26 de mar de 2013

Notícias do 1º Symposium on Sign Language Acquisition

Olá queridos

Estou de volta para trazer notícias do último evento que participei, o 1º Symposium on Sign Language Acquisition, que ocorreu na semana passada na Universidade Católica Portuguesa, em Lisboa.
O evento reuniu muitos pesquisadores do tema de vários países, por isso foi uma ótima oportunidade de ver de perto muitos autores de textos que lemos (como Anne Baker, Diane Lilo-Martin, Gary Morgan, Marc Marschark, entre outros), além de saber mais de suas últimas pesquisas, o que andam fazendo, suas opiniões, enfim, foi um evento muito rico.
Foi uma alegria também poder encontrar pesquisadoras brasileiras que participaram do evento, e ver como as pesquisas brasileiras sobre línguas de sinais e educação de surdos são respeitadas internacionalmente.

Palestra de Diane Lillo-Martin, sobre aquisição de línguas de crianças filhas de pais surdos, em parceria com a  Dra. Ronice Quadros, da UFSC


Acima, estou na companhia das queridas Rossana Passos e Ediléa Bernardino, da UFMG (Universidade Federal de Minas Gerais).
A presença dos surdos do curso Pro-LGP também foi maciça. Aproveito mais uma vez o carinho e a atenção de todos comigo, sempre pacientes para tentar me entender em Libras.
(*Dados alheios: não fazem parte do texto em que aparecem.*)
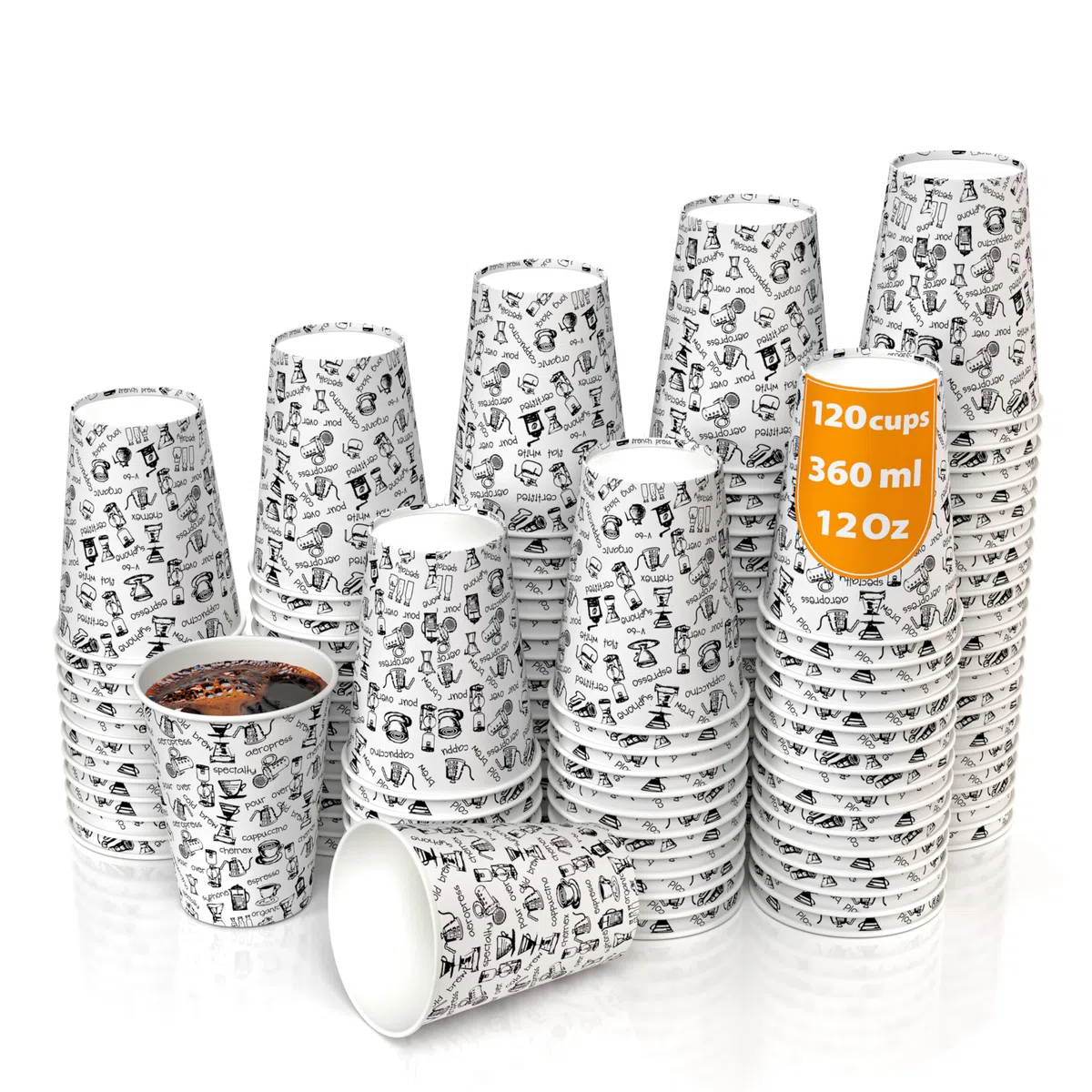 CupCup 120 Bicchieri Carta per Prendere il Caffè – Bicchieri Caffe - Tazza di 360 ml Bicchieri Monouso per Prendere il Caffè, il Tè, le Bevande Calde e Fredde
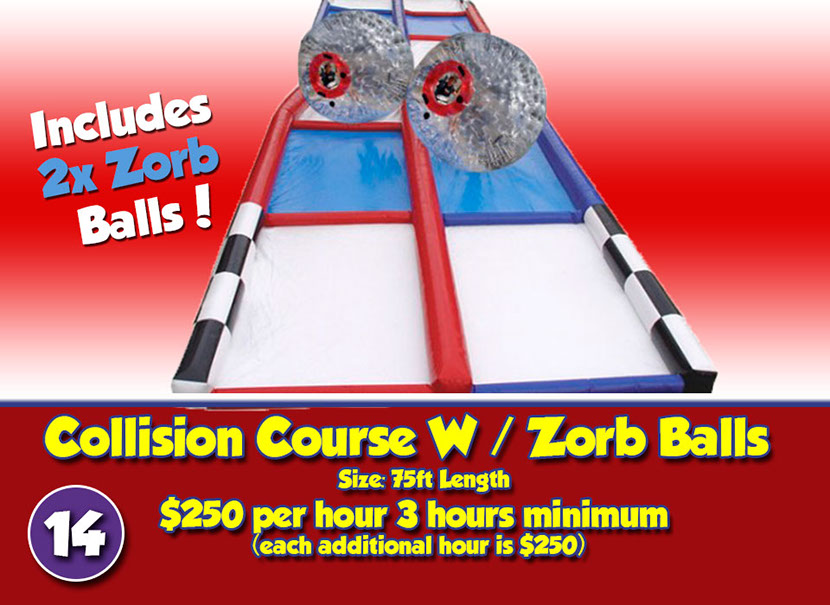 rent inflatable collison course with zorb balls rental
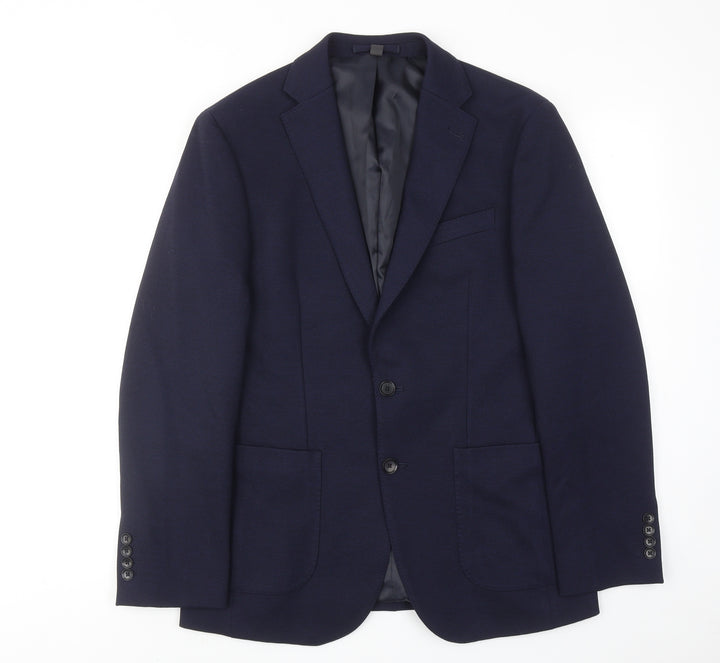 Marks and Spencer Mens Blue Polyamide Jacket Suit Jacket Size 38 Regular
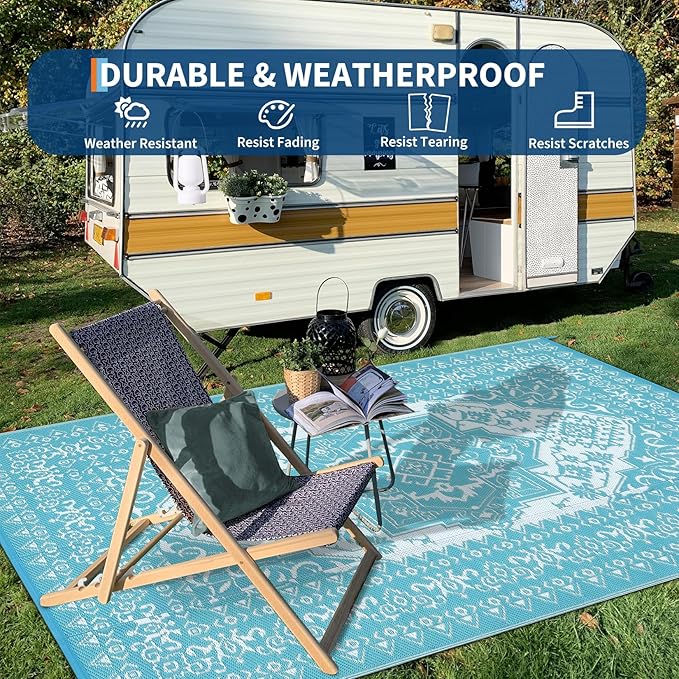 COZYLOOM Outdoor Rug 9x18 Waterproof Reversible Plastic Straw Mat, Large Patio Rug Vintage Medallion Area Rug Indoor Outdoor Rugs for Deck, Balcony, Camping, Beach, Picnic, Porch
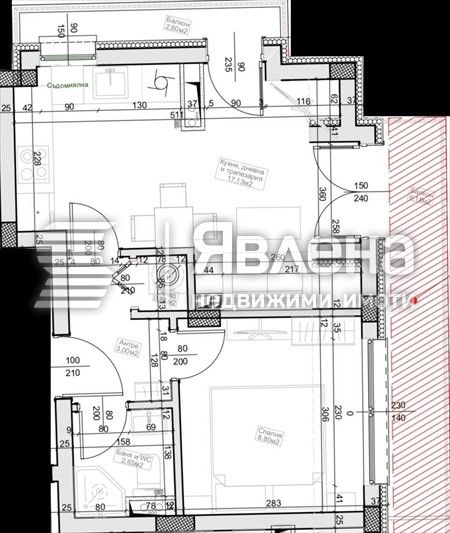 Нов двустаен апартамент до центъра с 2 балкона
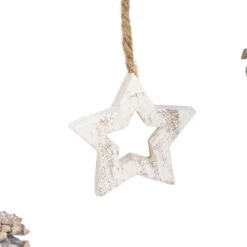 Northlight Glittered Holly Branch With Stars And Pinecones Christmas Wall Decoration - 20.75" - Silver -Northlight Christmas northlight sh96104 03 42371.1721349699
Na foto acima, parte da turma 2 do Pro-LGP: Eu, Paula, Luisa, Marcia, Antonio, Débora (intérprete estagiária) e Helena. Faltou a Julia, que só apareceu depois, e ainda a Isabel, surda intérprete de surdocegos e da Língua de Sinais Internacional, ambas abaixo:



Aproveito para parabenizar a toda a equipe de organizadores do evento, especialmente à Professora Ana Mineiro, e espero que muitos outros ocorram, congregando pesquisadores já consagrados com aqueles que estão começando, possibilitando que o conhecimento seja produzido e compartilhado.

Na foto, em azul (primeiro plano), Professora Ana Mineiro, organizadora do evento. À esquerda, sua equipe (Sônia, Tânia, Mara e Sara) e demais professores da UCP.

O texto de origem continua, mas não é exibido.